I Fatti del Processo
Il caso trae origine dal ricorso presentato da un imputato, condannato dalla Corte d’Appello di Milano per un reato tributario previsto dall’art. 3 del D.Lgs. 74/2000 (dichiarazione fraudolenta mediante altri artifici). L’imputato, attraverso il suo difensore, ha proposto ricorso in Cassazione non per contestare la sua colpevolezza, ma per sostenere che il fatto avrebbe dovuto essere inquadrato in una diversa e più grave fattispecie di reato, ovvero quella prevista dall’art. 2 dello stesso decreto (dichiarazione fraudolenta mediante uso di fatture o altri documenti per operazioni inesistenti).
La richiesta, apparentemente singolare, mirava a una rettifica puramente formale dell’inquadramento giuridico, senza che da ciò derivasse una modifica favorevole per l’imputato, né in termini di pena né sotto altri profili sostanziali.
La corretta qualificazione giuridica del fatto secondo la Cassazione
La Corte Suprema ha dichiarato il ricorso inammissibile, basando la propria decisione su un consolidato orientamento giurisprudenziale.
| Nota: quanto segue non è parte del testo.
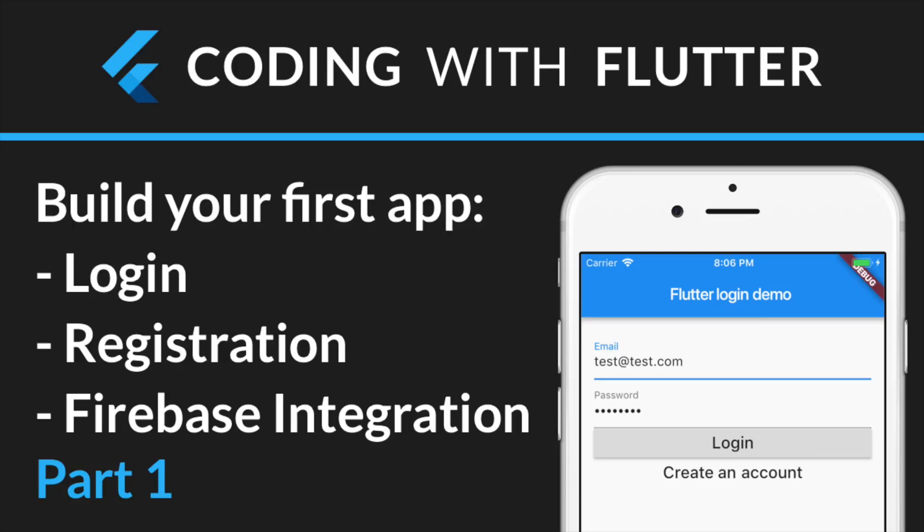Welcome to my new video series on coding with Flutter. In this series I'll show you how to create apps for iOS and Android with Flutter. In order to understand this material you should already be familiar with object-oriented programming.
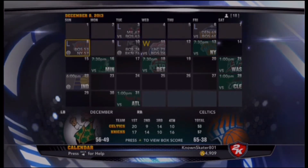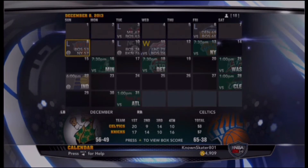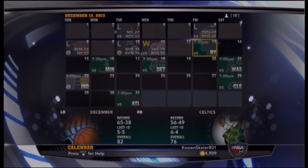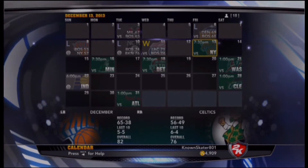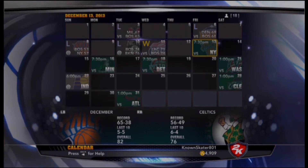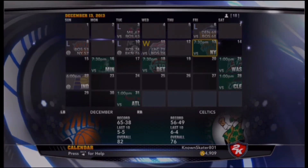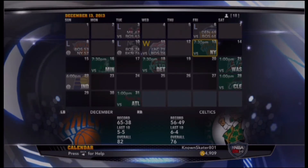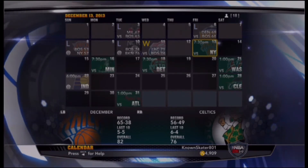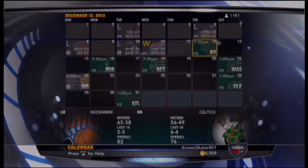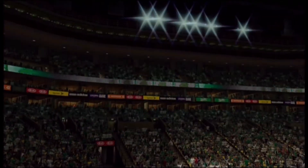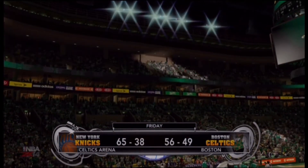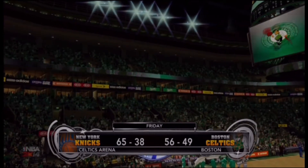It looks like we lost against the Knicks — we simulated this game and lost, which was a bummer. So now we need some retribution; we need to play this game. Ladies and gentlemen, without further ado: the New York Knicks taking on the Boston Celtics.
I giudici hanno ribadito che l’interesse a proporre un’impugnazione deve essere concreto e non può risolversi nella “pretesa di una formale applicazione della legge”.
In altre parole, un ricorso per cassazione che punta esclusivamente a modificare la qualificazione giuridica del fatto, senza che tale modifica abbia un’incidenza pratica sul dispositivo della sentenza (la decisione finale), è privo dell’interesse ad agire richiesto dalla legge. Questo principio è ancora più valido quando, come nel caso di specie, l’imputato è stato condannato per un reato punito meno gravemente rispetto a quello che, a suo dire, avrebbe dovuto essere contestato.
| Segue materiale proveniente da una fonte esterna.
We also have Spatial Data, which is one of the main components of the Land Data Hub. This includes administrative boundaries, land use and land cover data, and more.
Le motivazioni della decisione
La Corte ha spiegato che l’interesse del ricorrente deve tradursi in un vantaggio pratico e tangibile che deriverebbe dall’accoglimento del ricorso. Se l’unica conseguenza della modifica richiesta è una correzione nominalistica della norma violata, senza alcun effetto sulla condanna, sulla pena o su altri aspetti della decisione, l’impugnazione si rivela inutile e, pertanto, inammissibile.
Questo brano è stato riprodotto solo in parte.